The Case Against a Uniform Asylum Law

[Published in The Hindu on 1 November 2016]

Baloch leader Brahamdagh Bugti’s request for asylum in India has prompted calls for a uniform and apolitical asylum law. That would be a mistake. Asylum has always been a diverse institution, resistant to homogeneity and friendly to political dissidents. Last winter, three asylum bills were introduced in Parliament, including one by Shashi Tharoor, but they miss the mark because they perpetuate a rigid European view of asylum.

None of the three bills would protect Mr. Bugti because he does not fulfil the conventional idea of a refugee. Let us be clear. Protecting refugees in line with international law is a duty which India must meet. But denying the government the ability to make sovereign decisions about who can receive India’s asylum is counterproductive. We need a nuanced law which recognises that asylum and refuge need not overlap.

Asylees and refugees

Asylum and refugee status are different concepts although the terms are often used interchangeably. Asylum is an expansive institution of protection, refugees are a narrow category of people. An asylee need not be a refugee. Indeed, asylum predates the refugee regime by several centuries. In Europe, asylum was an ecclesiastical concept that provided safe haven in a place of worship. Asylum has no defining criteria other than the willingness of a state to grant it.

Refugee status is narrowly defined. The UN’s Refugee Convention of 1951 links refuge to persecution on racial, religious, national, social, or political grounds. Many countries including India disagreed with the UN’s definition. It set the bar for protection too high for ordinary people for whom proving targeted persecution is difficult.
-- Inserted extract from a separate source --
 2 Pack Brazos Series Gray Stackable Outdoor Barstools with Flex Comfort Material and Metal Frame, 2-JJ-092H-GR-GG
India did not sign the convention.

Africa broke ranks too. In 1969, it adopted its own convention which recognised that refugees are people who flee serious public disorder, external aggression, occupation, and foreign domination. In other words, Africa recognised that during war, people do not wait to be individually persecuted, they flee en masse, and they are all refugees.

Europe understood the shortcomings of the refugee regime during the Balkan conflicts of the 1990s. Many of those displaced were not technically refugees, forcing the European Union to create a new form of asylum distinct from refugee status. The United Nations High Commissioner for Refugees (UNHCR) followed suit. The distinction between asylum and refugee status has been recognised by the EU Court of Justice and several countries.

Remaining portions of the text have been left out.